The following link is a YouTube video that shows how to deploy the Driverless AI MOJO to NiFi to do batch and real-time scoring on Hydraulic System data to classify for Hydraulic Cooling Condition: NiFi Custom Processor for Running the Driverless AI MOJO in NiFi DataFlow

Prerequisites

  • Driverless AI Environment (Tested with Driverless AI 1.9.0, MOJO Scoring Pipeline 2.4.8)

  • Launch Ubuntu 18.04 Linux EC2 instance

    • Instance Type: t2.2xlarge
    • Storage: 256GB
    • Open custom TCP port 8080 and source on 0.0.0.0/0
  • Download the Driverless AI Deployment Repo to your local machine since we will be using the NiFi Data Flow xml templates that come with mojo-nifi/ folder.

git clone https://github.com/h2oai/dai-deployment-examples

Task 1: Set Up Environment

Connect to EC2 from Local Machine

1. Move the EC2 Pivate Key File (Pem Key) to the .ssh folder

mv $HOME/Downloads/{private-key-filename}.pem $HOME/.ssh/
chmod 400 $HOME/.ssh/{private-key-filename}.pem

2. Set EC2 Public DNS and EC2 Pem Key as permanent environment variables

# For Mac OS X, set permanent environment variables 
tee -a $HOME/.bash_profile << EOF
# Set EC2 Public DNS
export DAI_MOJO_NIFI_INSTANCE={EC2 Public DNS}.compute.amazon.com
# Set EC2 Pem Key
export DAI_MOJO_NIFI_PEM=$HOME/.ssh/{private-key-filename}.pem
EOF

# For Linux, set permanent environment variables
tee -a $HOME/.profile << EOF
# Set EC2 Public DNS
export DAI_MOJO_NIFI_INSTANCE={EC2 Public DNS}.compute.amazon.com
# Set EC2 Pem Key
export DAI_MOJO_NIFI_PEM=$HOME/.ssh/{private-key-filename}.pem
EOF

source $HOME/.bash_profile

3. Connect to EC2 via SSH

ssh -i $DAI_MOJO_NIFI_PEM ubuntu@$DAI_MOJO_NIFI_INSTANCE

Create Environment Directory Structure

1. Run the following commands that will create the directories where you could store the input data, mojo-pipeline/ folder.

# Create directory structure for DAI MOJO NiFi Projects
mkdir $HOME/daimojo-nifi/

mkdir -p $HOME/daimojo-nifi/testData/{test-batch-data,test-real-time-data}

Set Up Driverless AI MOJO Scoring Pipeline in EC2

1. Build a Driverless AI Experiment

  • 1a. Upload your dataset or use the following Data Recipe URL to import the UCI Hydraulic System Condition Monitoring Dataset:
# Data Recipe URL
https://raw.githubusercontent.com/james94/driverlessai-recipes/master/data/hydraulic-data.py
  • 1b. Split the data 75% for training and 25% for testing.

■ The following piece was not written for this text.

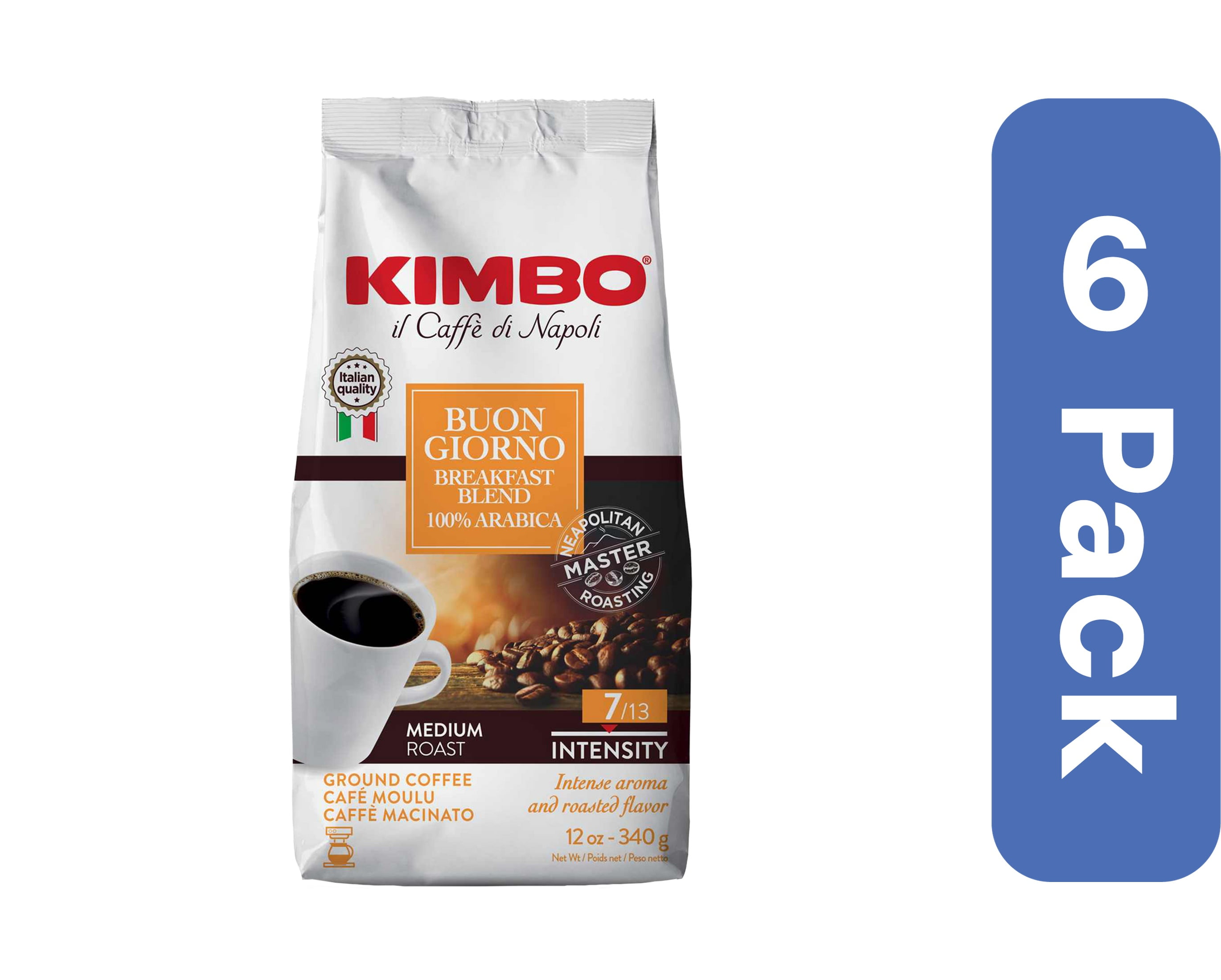 Kimbo Coffee Ground Buongiorno 12 oz (Pack Of 6)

  • 1c. Run predict on your training data.

  • 1d. Name the experiment model_deployment. Choose the target column for scoring. Choose the test data. Launch the experiment.

2. Click Download MOJO Scoring Pipeline in Driverless AI Experiment Dashboard

  • 2a. Select Java, click Download MOJO Scoring Pipeline and send mojo.zip to EC2.
# Move Driverless AI MOJO Scoring Pipeline to EC2 instance
scp -i $DAI_MOJO_NIFI_PEM $HOME/Downloads/mojo.zip ubuntu@$DAI_MOJO_NIFI_INSTANCE:/home/ubuntu/daimojo-nifi/
  • 2b. Unzip mojo.zip.
sudo apt -y install unzip
cd $HOME/daimojo-nifi/
unzip mojo.zip

3. Install MOJO2 Java Runtime Dependencies in EC2

  • 3a. Download and install Anaconda.
# Download, then install Anaconda
wget https://repo.anaconda.com/archive/Anaconda3-2020.02-Linux-x86_64.sh

bash Anaconda3-2020.02-Linux-x86_64.sh
  • 3b. Create model-deployment virtual environment
conda create -y -n model-deployment python=3.6
conda activate model-deployment
  • 3c. Install the required packages:
# Install Java
conda install -y -c conda-forge openjdk=8.0.192

# Install Maven
conda install -y -c conda-forge maven

4. Set the Driverless AI License Key as a temporary environment variable

# Set Driverless AI License Key
export DRIVERLESS_AI_LICENSE_KEY="{license-key}"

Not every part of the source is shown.